Kate Healy: Same, same. I mean, I would go to the things that had a free dinner, but no one ever invited me to a conference.
Caleb Brown: And the thing that the other custodians started doing this. And it became just sort of table stakes. And I mean, what a great service one to the industry and the profession, but also your clientele. Hey, we've been working with the access to these people and we're trying to help facilitate.
Kate Healy: You know, it's funny. I had one advisor who would never come to the meet and greets. And I was like, “Come on, come on, meet some students.” And he's like, “No, no, no. Okay. I need to hire someone who's got five to seven years experience. I really need someone that mid mid-level experience.” and I'm like, okay. And I have this conversation over and over again with advisors.
And I'm like, “The funny part is it's you and everyone else, there's a limited pool of advisors and you're all looking for the same person. Why don't you start? It's a little bit more work because yes, you have to train and develop them, but then they're trained and develop in your way.” And he kept saying, “Yeah, no, no, no.
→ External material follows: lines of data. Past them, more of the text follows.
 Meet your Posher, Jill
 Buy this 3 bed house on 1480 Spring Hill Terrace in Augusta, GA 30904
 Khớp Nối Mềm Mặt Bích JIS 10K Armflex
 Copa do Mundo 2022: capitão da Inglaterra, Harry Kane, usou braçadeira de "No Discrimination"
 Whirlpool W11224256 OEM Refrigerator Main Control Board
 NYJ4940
It's not what I'm looking for.” It's five years later, came up to me at one of the conferences, he's like, “Kate, I still haven't found that person that I want with five to seven years' experience. And if I had listened to you five years ago, I'd have someone with five years experience with me. So now I'm finally going to go hire a college student.”
Caleb Brown: Oh, that's amazing. So I love the story. It's just absolutely amazing. And you guys have really impacted due to some of those programs and the grants and the financial side, but also just the boots on the ground. Talk to us about just your career as an executive and just working in some of these, but like when you were working with the next-gen people, you kind of alluded to this already, but just what was it like, and what were the pros and cons? Maybe just start there working with someone younger.
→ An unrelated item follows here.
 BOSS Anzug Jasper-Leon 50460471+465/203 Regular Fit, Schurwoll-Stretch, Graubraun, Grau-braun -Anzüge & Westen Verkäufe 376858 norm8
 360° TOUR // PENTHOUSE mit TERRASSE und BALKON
Kate Healy: Yeah, absolutely. Like I was so impressed, right? We would start to, I hired a couple of interns, right? And we're like, all right, here, we got your summer's worth of work and they'd be all in and say like, “All right, well, I finished that. I did this. I figured out a way to do this quicker. What else do you have for me?” We're like, “Wait, you figured out a way to do this quicker. That's awesome.” Like they're looking at it with a fresh set of eyes. So that's amazing. They really dove into the work ‘cause we weren't making them copy. I remember one of our interns is like, “I really thought I was just going to be here like making copies all summer.”
I'm like, “We're a lean organization. You're writing press releases. Like I need you to help me with communications. I need you to help me promote events and webinars and all the things that we're bringing to our clients,” which really made them feel part of. The process. And I know other firms that create internships, a lot of firms have created, we had done some internship guidebooks to help people.
There's so many more now that are even better at what to do, right? How do you bring someone in and make sure they're getting the right experience to know your firm, to know if financial planning is right for them, because what you want students to get out of an internship is what's the right fit. Is it small firm? Is it large firm? Do they want to be a financial planner? When you're going to college, we're all talking about these careers. You don't really know what it means, right? “I want to be a financial advisor.” Well, what is that? Until you get into it and you see it, hopefully, everyone is giving students the ability to sit in on client meetings and hear what happens.
Some of them are great, “Hey, it just got a promotion. I'm going to get all these stock options. Help me figure out a strategy.” And some of them are, “My mom just passed away and left me with money, but I don't even care because my mom just passed away.” Or, there's all these different emotions that happen.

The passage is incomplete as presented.